> Exercise requirements
Below this line are records; write out exactly the lines from the one containing "Stacker Walkie Electric" through the one containing "Eco Friendly Full", with the pictures left out.

> Provided data
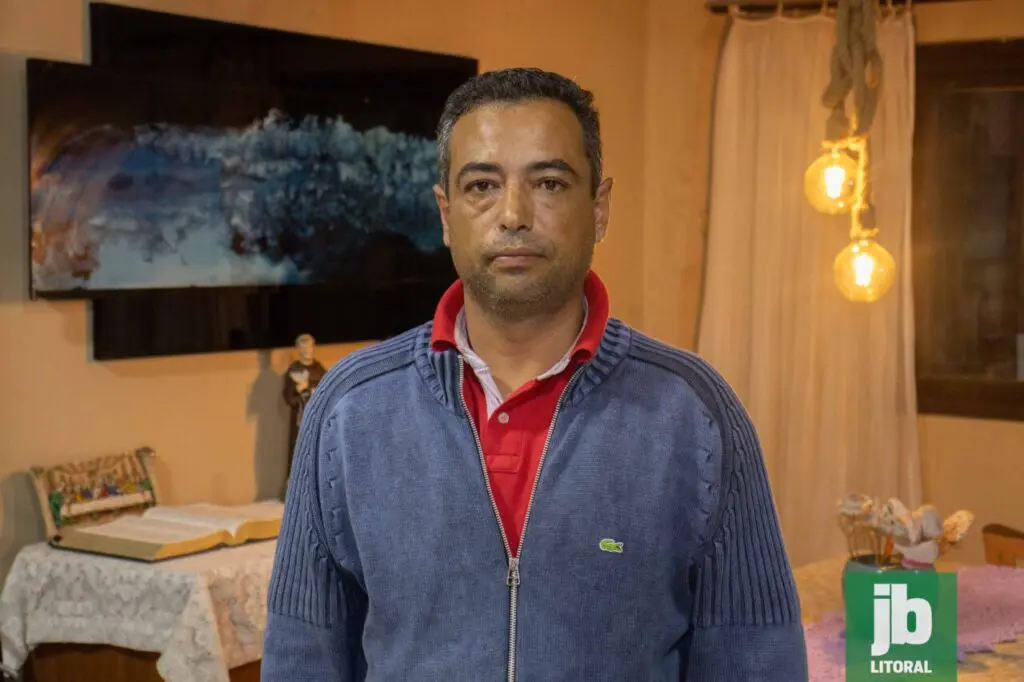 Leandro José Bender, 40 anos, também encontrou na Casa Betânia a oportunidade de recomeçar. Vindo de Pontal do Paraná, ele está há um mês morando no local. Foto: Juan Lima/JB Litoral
==
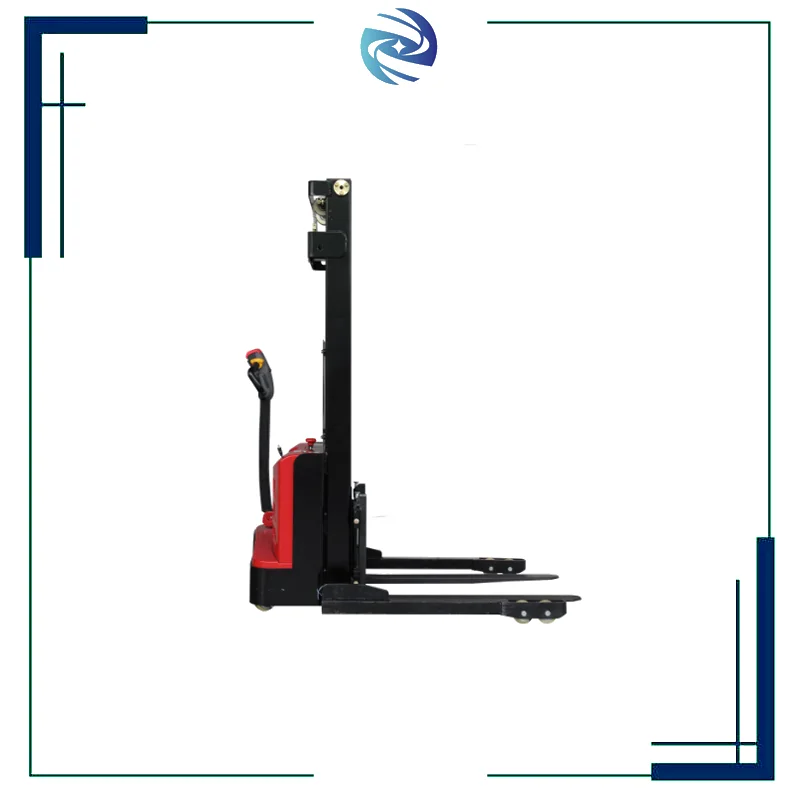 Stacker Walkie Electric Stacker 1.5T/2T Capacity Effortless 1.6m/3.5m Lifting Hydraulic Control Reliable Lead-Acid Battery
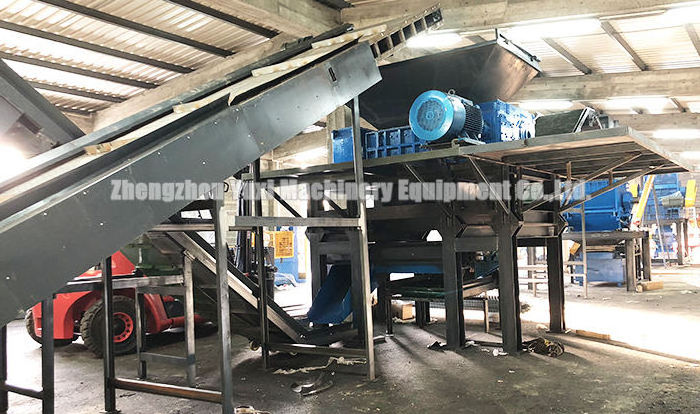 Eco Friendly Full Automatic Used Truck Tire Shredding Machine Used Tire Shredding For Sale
* * *
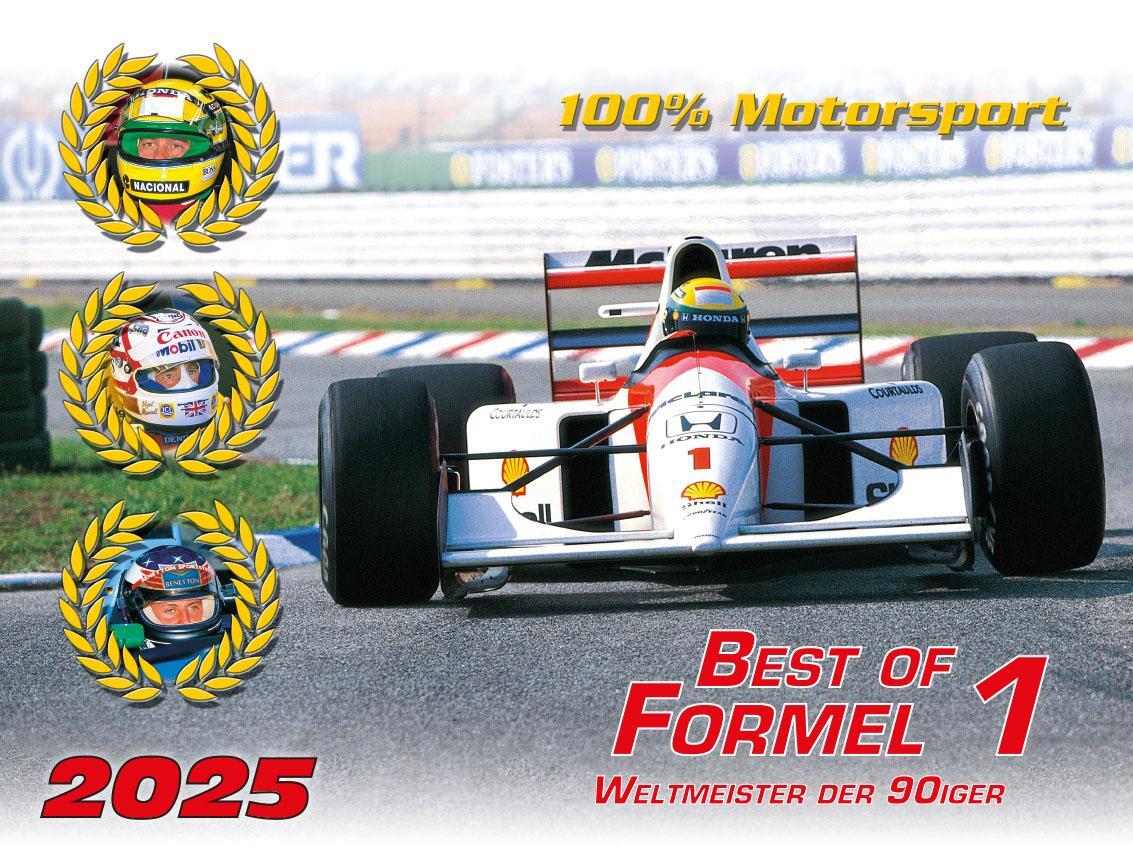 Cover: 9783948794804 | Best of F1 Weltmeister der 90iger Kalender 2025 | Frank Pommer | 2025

> Final answer
 Stacker Walkie Electric Stacker 1.5T/2T Capacity Effortless 1.6m/3.5m Lifting Hydraulic Control Reliable Lead-Acid Battery
 Eco Friendly Full Automatic Used Truck Tire Shredding Machine Used Tire Shredding For Sale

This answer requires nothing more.